• _WHAT THE TASK REQUIRES_
Reproduce word for word the line holding "Any Size Custom" and all lines after it in the data, through the end, leaving out pictures.
- Opening Delimiter -
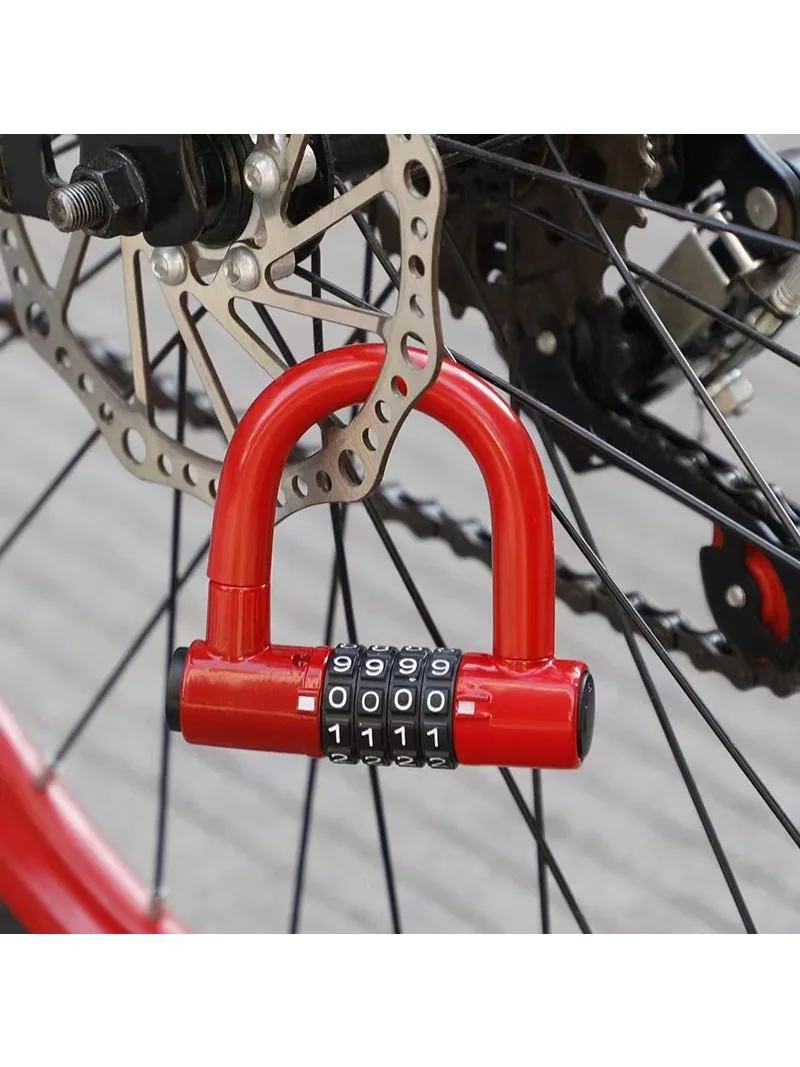 AliExpress NONE Bicycle U-shaped combination lock, zinc alloy four-position adjustable, acid-resistant and saw-resistant U-shaped padlock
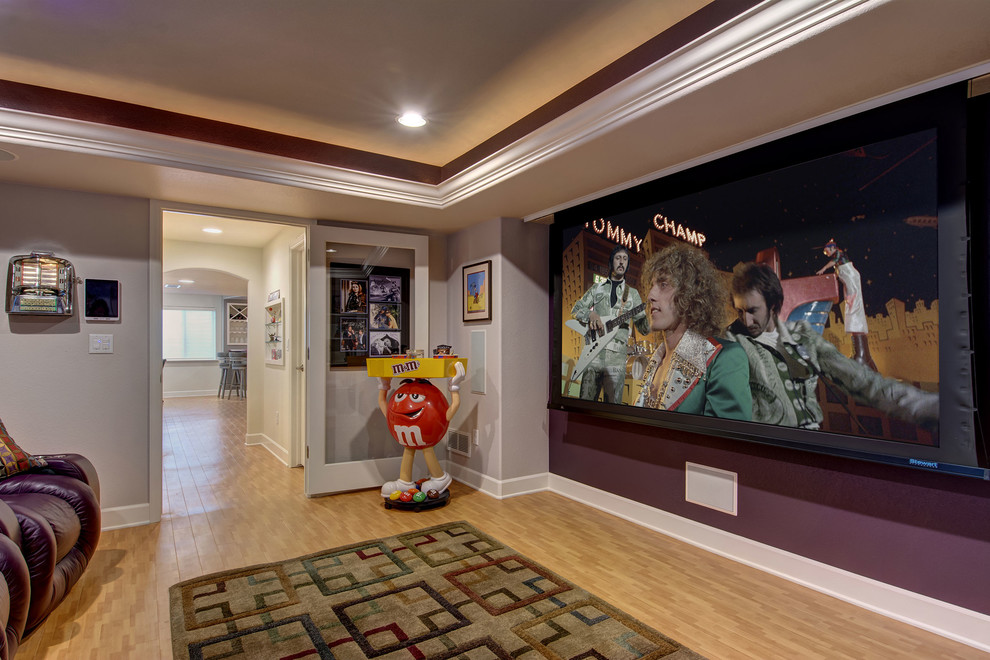 Mid-sized transitional enclosed light wood floor and brown floor home theater photo in Denver with gray walls and a projector screen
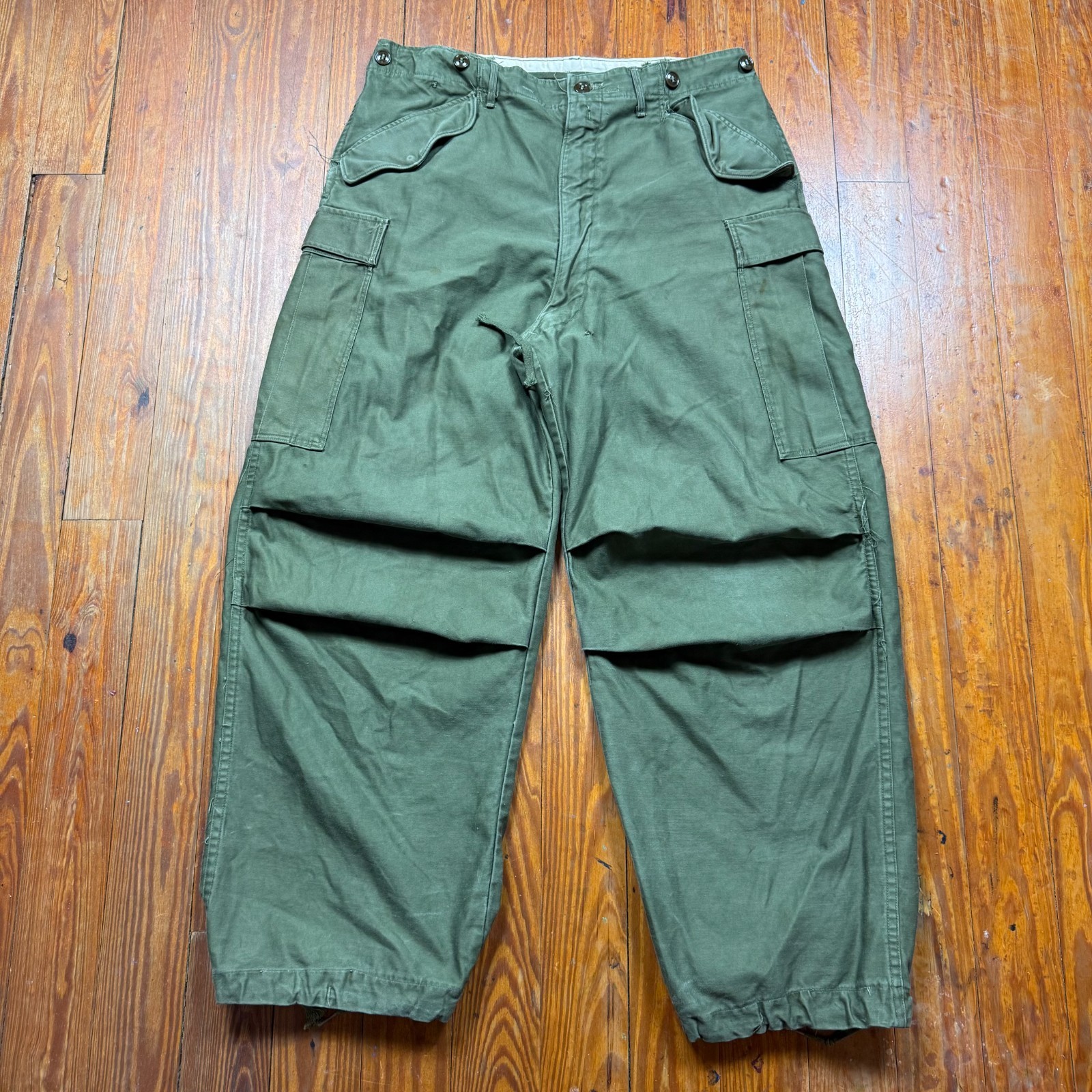 Vintage M-1951 Military Shell Field Trousers Mens 34x29 Medium OG 107 Sateen 50s
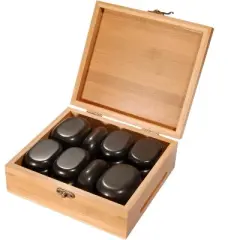 Master Massage Deluxe Basalt Massage Hot Stone Set with Bamboo Box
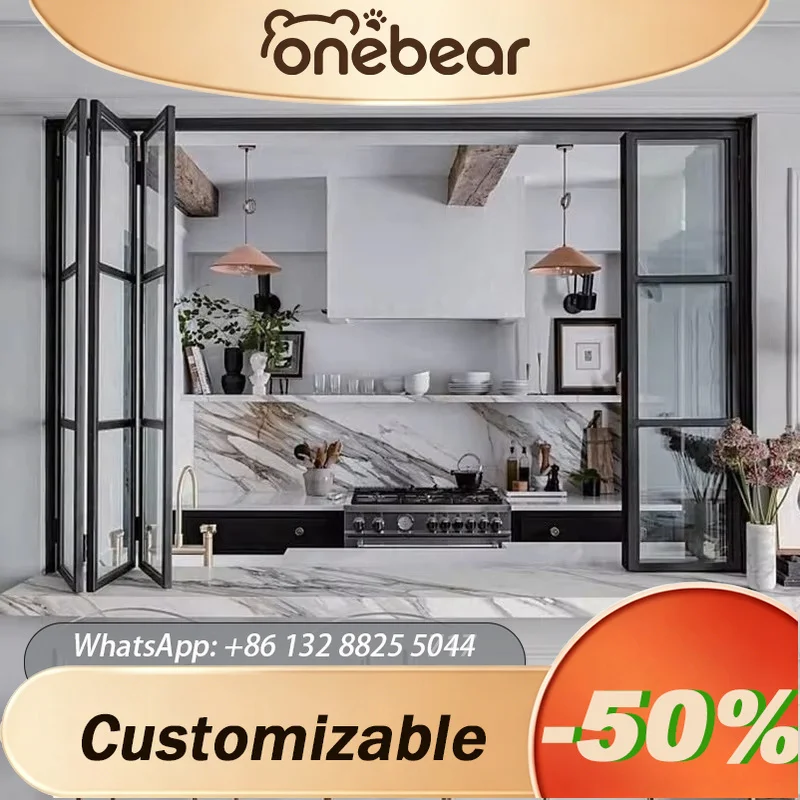 Any Size Custom Aluminum Doors Windows Oil Proof Ventilated Double Glass Folding Sliding Window For Kitchen Decoration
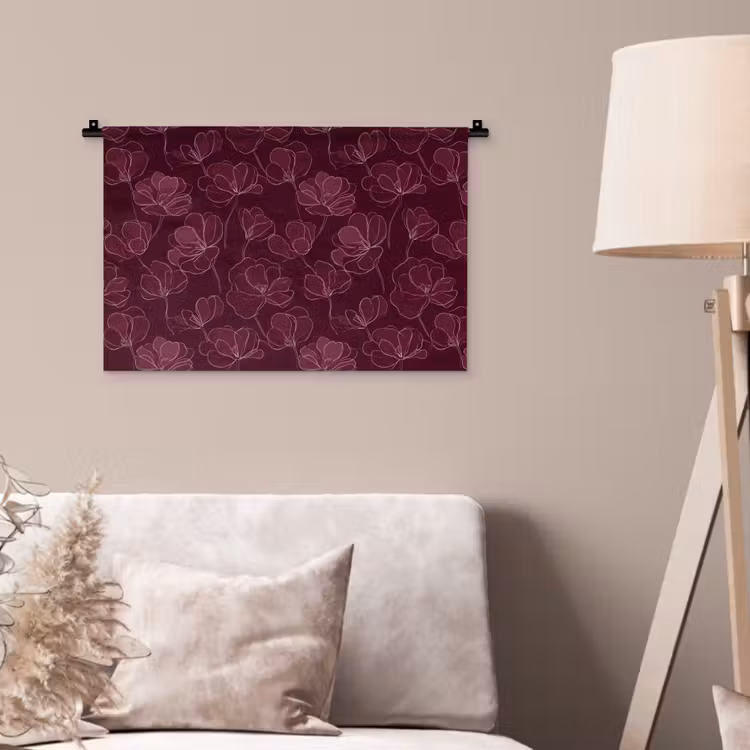 Wandkleed - Bloemen - Patroon - Bordeauxrood — 2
- Closing Delimiter -
• _WRITTEN ANSWER_
 Any Size Custom Aluminum Doors Windows Oil Proof Ventilated Double Glass Folding Sliding Window For Kitchen Decoration
 Wandkleed - Bloemen - Patroon - Bordeauxrood — 2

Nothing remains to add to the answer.